Doctors of the World will conclude its activities next September but has already found a partner to take over. "The local association EMES, which works with female workers at Guatemala City factories, has agreed to come to Chimaltenango and continue our activities," says Aurélie Leroyer, coordinator of the Doctors of the World programme.
With a goal of getting political officials to enforce the laws, the first international conference on "Healthcare law for female workers at Maquilas and food processing plants" will be held in April 2010, in order to discuss this issue with political leaders, NGOs and factory managers.
Violence against women: a cross-disciplinary programme in 29 countries
In addition to its programme in Guatemala, Doctors of the World, backed by the Agence Française de Développement (AFD, or the French Development Agency), is committed to fighting violence against women.

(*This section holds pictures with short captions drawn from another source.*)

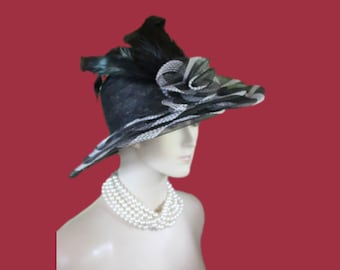 Avant Garde Luxury Large Brim Wedding Hat, Black White  display picture 1
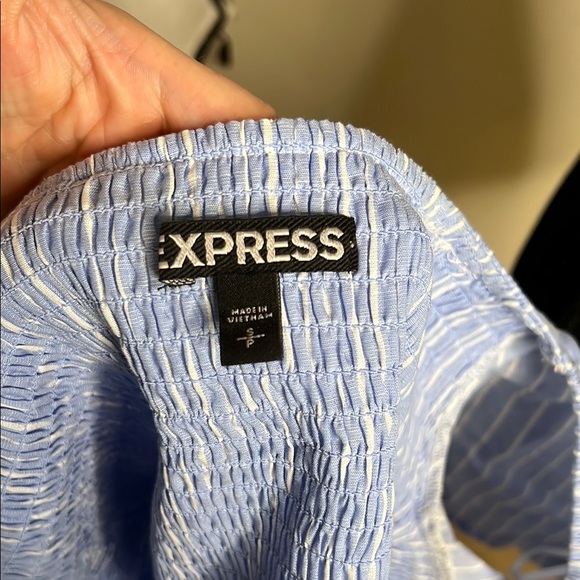 Express Blue Striped Off-Shoulder Top Size S - Picture 5 of 6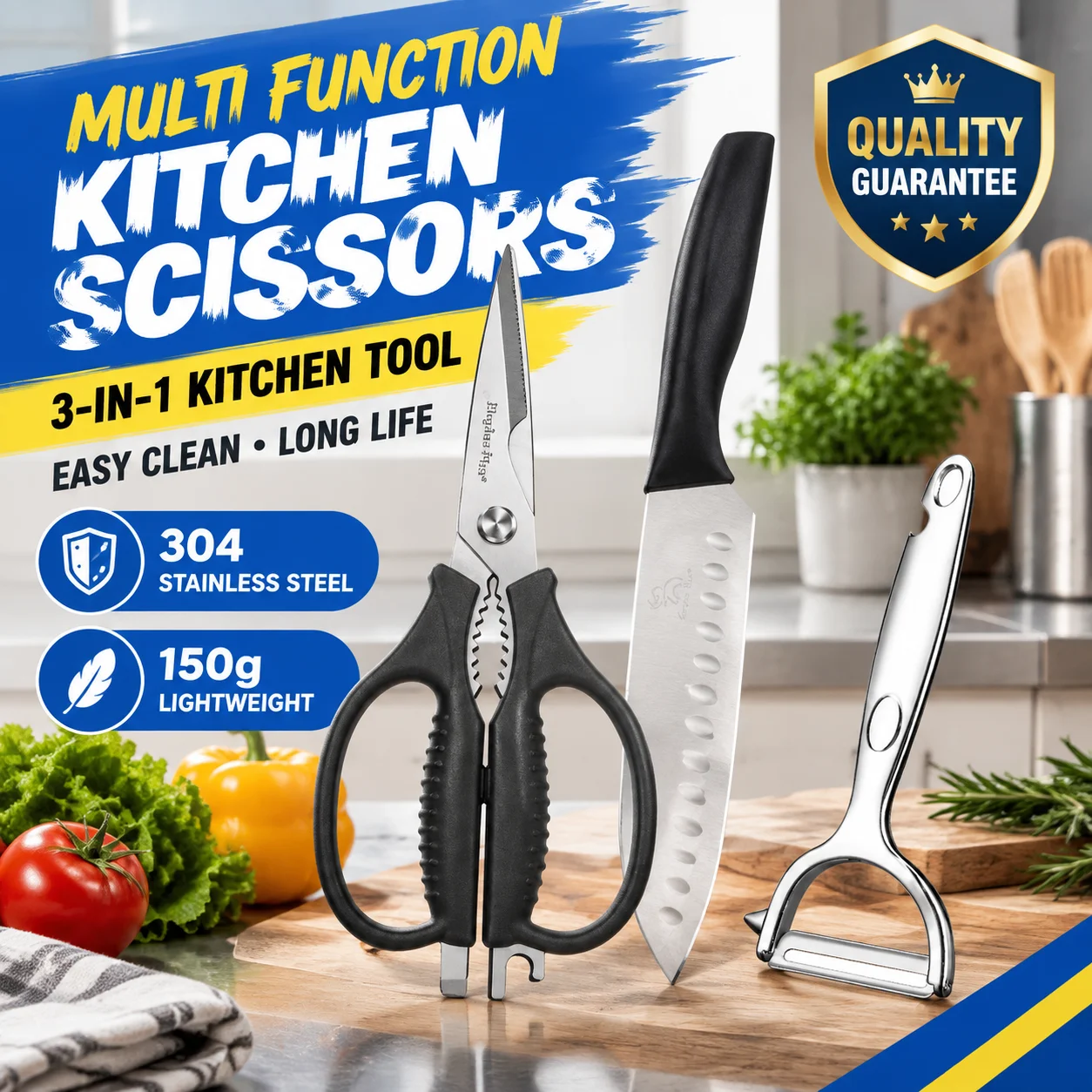 Stainless Steel Kitchen Knife And Scissors Three-Piece Set Household Slicing Knife, Scissors, Melon Peeler, Complete Home Set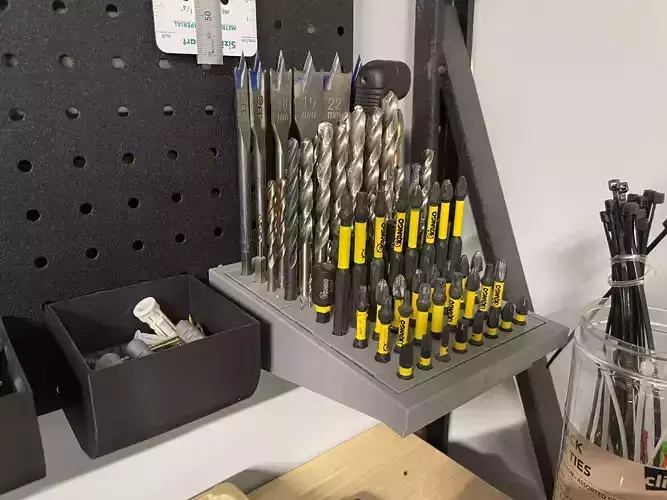 Drill Bit Peg Board Storage 3D print model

A three-year convention programme between Doctors of the World and the French Ministry of Foreign and European Affairs, which is currently being monitored by the AFD, takes cross-disciplinary initiatives in 29 countries. The aim is to share skills, promote and strengthen total healthcare coverage and prevent violence against women. The Convention Programme is based on three pillars: strengthening local skills, increasing community awareness, and sharing and publicising know-how.